Into the bowl of your stand mixer (or in a large mixing bowl), add the warm milk, the sugar and the yeast. Mix together with a fork.
Add the melted (and cooled) butter to the milk mixture. Be sure the melted butter isn't too hot or it will kill the yeast.
Add the egg to the milk mixture.
Add the flour and salt to the bowl on top of the milk mixture and set the mixer to low speed (use the dough hook for this). If making by hand, mix with a wooden spoon.
After about a minute you should see a sticky dough starting to come together. Scrape down the sides of the bowl if necessary.
Turn up the mixer speed slightly and allow the mixture to knead the dough for about 2-3 minutes. The dough should be tacky to the touch, but not so sticky that it's very messy. It should pull away from the sides of the bowl easily and the bowl should appear fairly clean.
If you don't have a stand mixer, you can knead the dough by hand on a lightly floured work surface for 3 minutes after the wet and dry ingredients are combined.
Cover the bowl with some plastic wrap and place it inside another large mixing bowl. Pour some hot water (from the tap or recently boiled kettle) between the two bowls to gently heat up the dough. This will help it rise very quickly. Be careful not to use water that's too hot as this will cook the dough that's touching the mixing bowl. Also, be careful not to get any water into the bowl with the dough (See the information in the blog post for more tips on how to do this!).
Grease a large cast iron skillet (or a 9-inch by 13-inch baking dish also works) with butter.
Turn the dough out onto a work surface that's been very lightly greased with vegetable oil. Using a rolling pin, roll out the dough evenly until you have a rectangle that's approximately 18 inches wide and 12 inches deep. Brush the dough with the melted butter.

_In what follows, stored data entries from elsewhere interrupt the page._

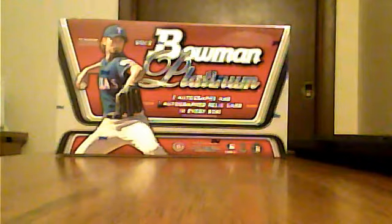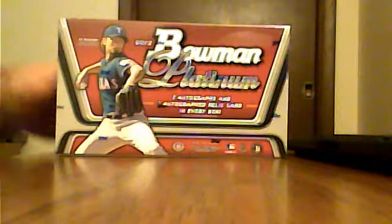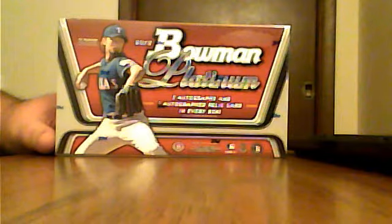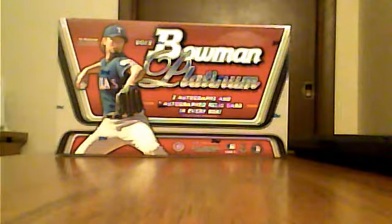Tonight we are going to be ripping a box of Bowman Platinum, Topps' latest baseball release. We are looking for two autographs and one autographed relic per box. It looks to be twenty packs in the box. This review is brought to you courtesy of Topps and Trader Retreat.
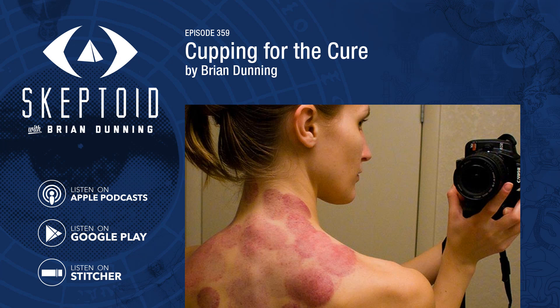You're listening to Skeptoid. I'm Brian Dunning from Skeptoid.com. Today, we're going to take a look at the practice of cupping, an alternative medicine scheme that involves placing suction cups on the skin.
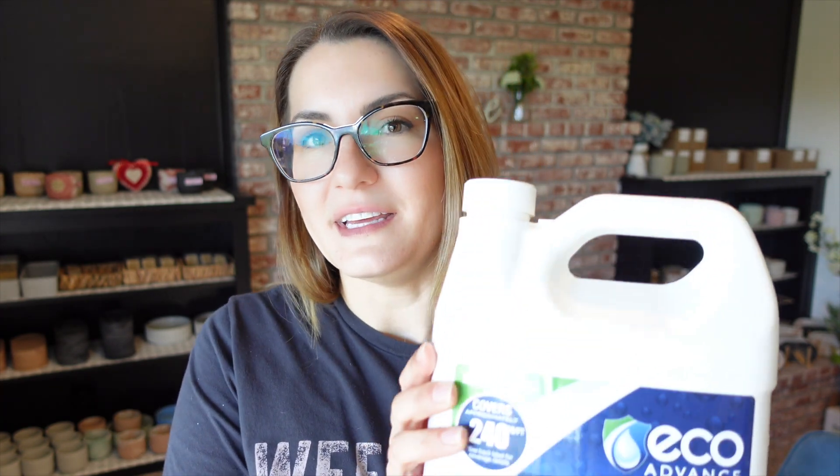Hi guys, it's Brie with Calafia Candle Company. Welcome back to my channel. Today's video is going to be a follow-up video on the Eco Advance sealer. I did get a lot of comments on the first video I posted reviewing this sealer for updates, and I finally got around to making an updated video for you guys. So this will include the application process, pouring the candles, and also burning the candles.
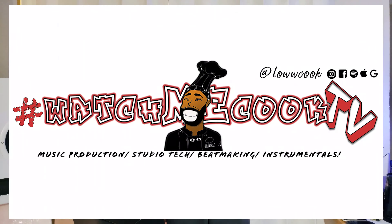What's cooking? It's your main man Low Cook of LowCookProduction.com — the place where we have the recipe for your creative success. And you're watching WatchMeCookTV.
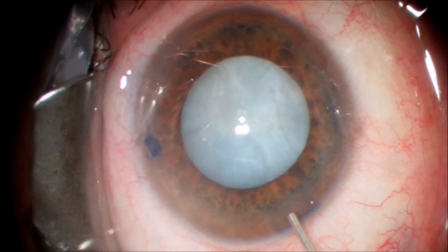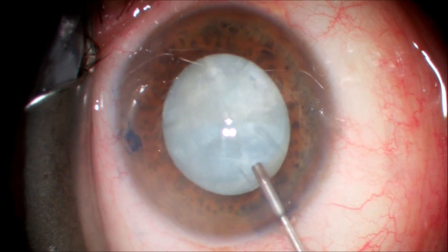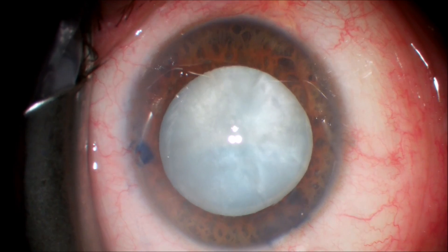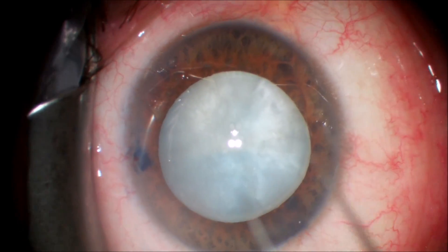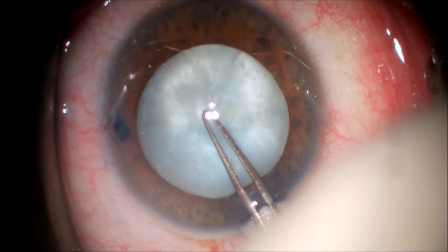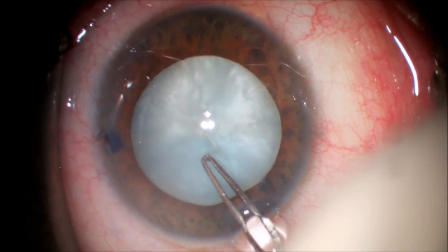We're going to fill the anterior chamber fully with a dispersive viscoelastic — in this case we're using Endocoat. This will protect the inside layer of the cornea, the endothelium, and also push back the anterior capsule to flatten it out. We're going to use our typical capsulorhexis forcep to make a puncture in the anterior capsule.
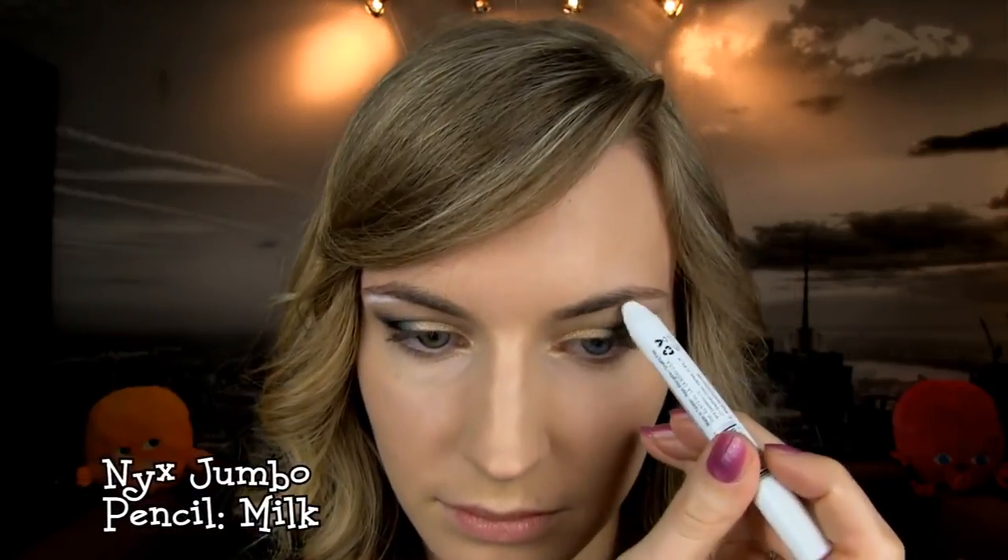Now highlight the brow bone. As usual, apply a white base and a highlighting eyeshadow on top. Then take a super bright green eyeshadow and with your finger slightly apply it on the center of the lid.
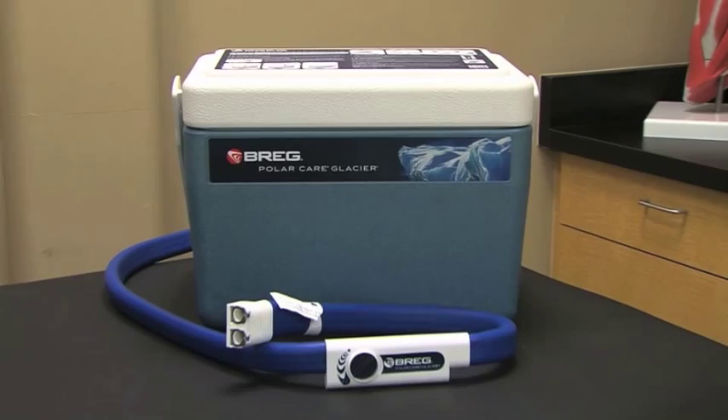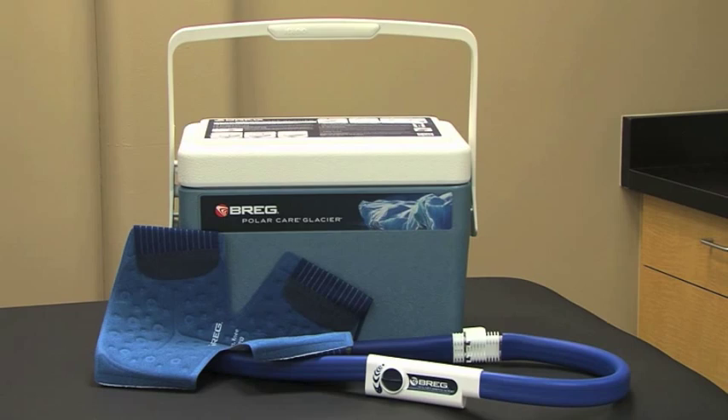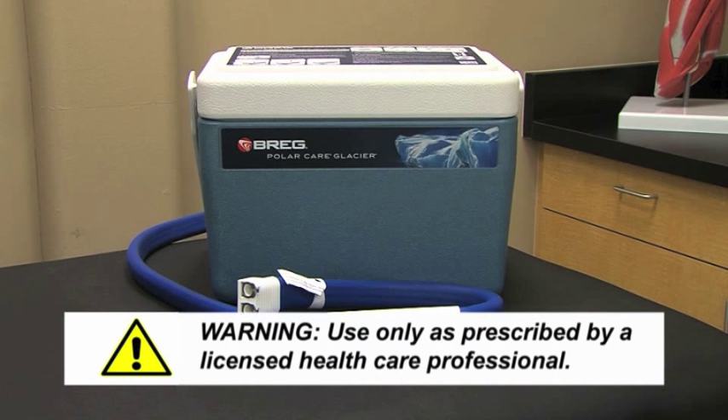This is PolarCare Glacier, designed with the specific needs of the hospital in mind. This motorized cold therapy system's extra-long ice time means it only has to be filled once per shift. 8-hour shift? 12-hour shift? The Glacier has them covered.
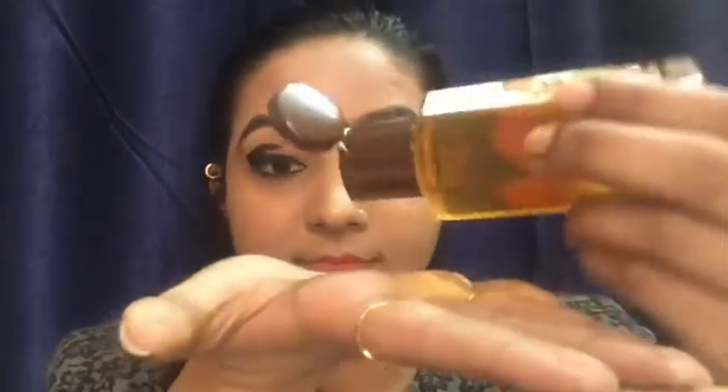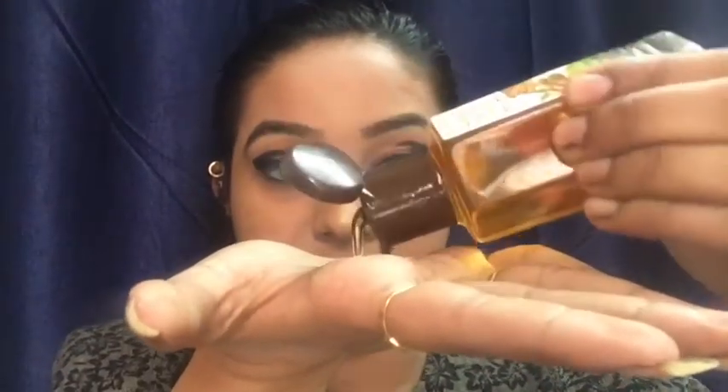To remove makeup from your face, we'll use oil. You can take any oil of your choice — I'm taking this potently almond oil. Take a gentle amount of oil onto your palm, then apply it in a tapping motion onto your face and neck, or wherever you have makeup. Now start massaging it in a circular motion and be very gentle while doing this.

In a separate bowl, combine the brown sugar and the cinnamon. I use 1 tbsp of cinnamon, but feel free to use a little less if you'd prefer a more subtle taste. Spread the brown sugar and cinnamon mixture evenly over the dough.

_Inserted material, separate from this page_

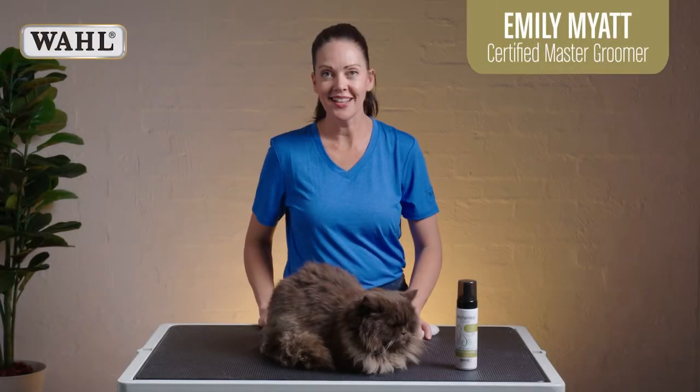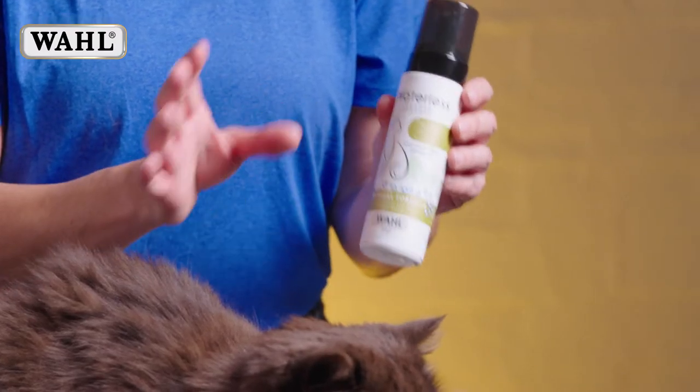Hi, I'm Emily Myatt, pet stylist and master groomer. You might not want to bath your cat entirely by immersing it into a bucket of water. So here we have the Wahl Waterless Shampoo which is really easy to use.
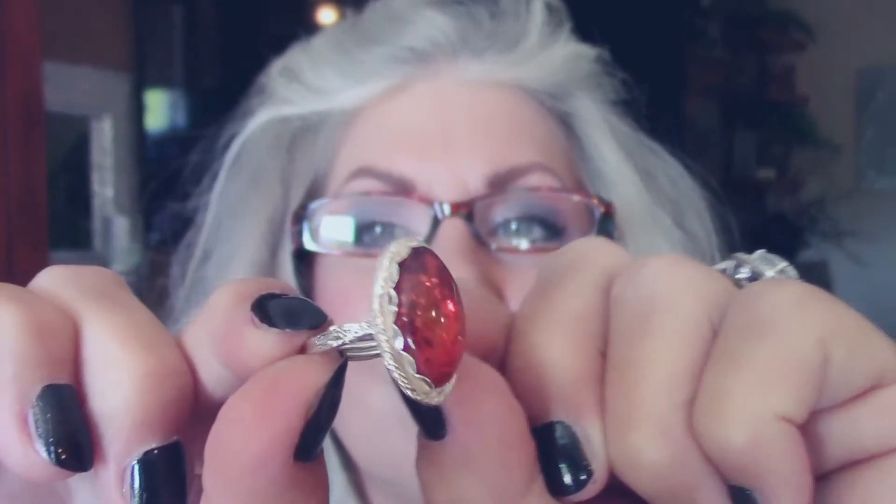This one is gorgeous. Now this one has such beautiful fire to it, but guess what — it's an imitation, but it feels just like a real one. Baltic amber. I love it. The setting is spectacular — look at that. It's got the scallop around the edge. And then it's got leaves on the side.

Roll up the dough from the long side until you've got one long roll. Cut the long roll in half, then in half again, and then each of those sections into 3 pieces until you have 12 cinnamon rolls. Try to cut the rolls to an even thickness as this promotes even baking. You don't want some rolls to be overdone and others to be raw in the middle.
Arrange the 12 pieces in the pan you've greased.

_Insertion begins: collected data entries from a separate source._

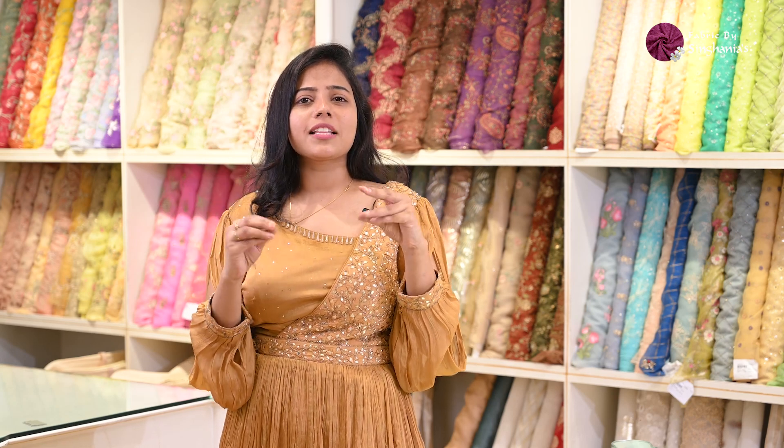Hello guys, welcome to today's video. If you are a person who doesn't like sarees, who doesn't like something very heavy but want to go for something that's lightweight, elegant, and very soft, that's what we are showing you today. We are showing you all thread and very plain embroidered fabric, so let's get started.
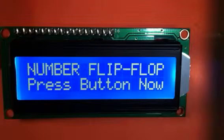Hey everybody, this is the completed number flip game that we've been working on. It's picking random numbers right now, waiting for me to push a button, so I'll do that and we'll get started. We'll play the game.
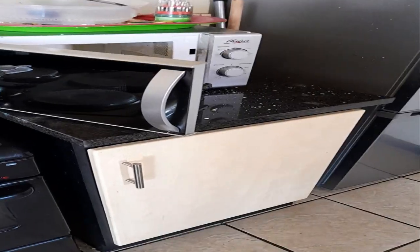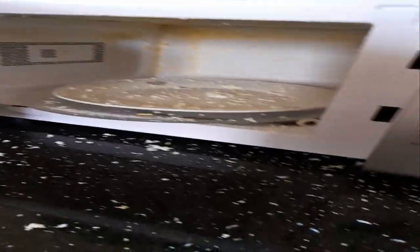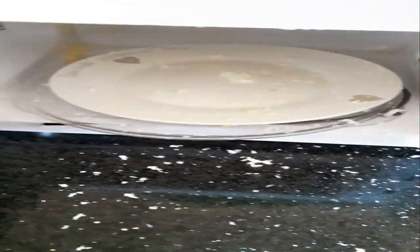A few moments later — guys, look at this egg. It couldn't wait, it could not wait. It couldn't wait, I have to clean up all this mess. This is crazy.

Place the cinnamon rolls in a cold oven and set the oven to bake at 375 degrees Fahrenheit. The cinnamon rolls will rise for a second time in the oven as it preheats.
Set the oven timer for 23 minutes. When the oven timer goes off the cinnamon rolls should be baked to a golden brown colour. If 2-3 more minutes of baking are required, allow the rolls to bake for a few additional minutes (every oven preheats differently, so watch them around the 20-minute mark if your oven preheats very quickly!).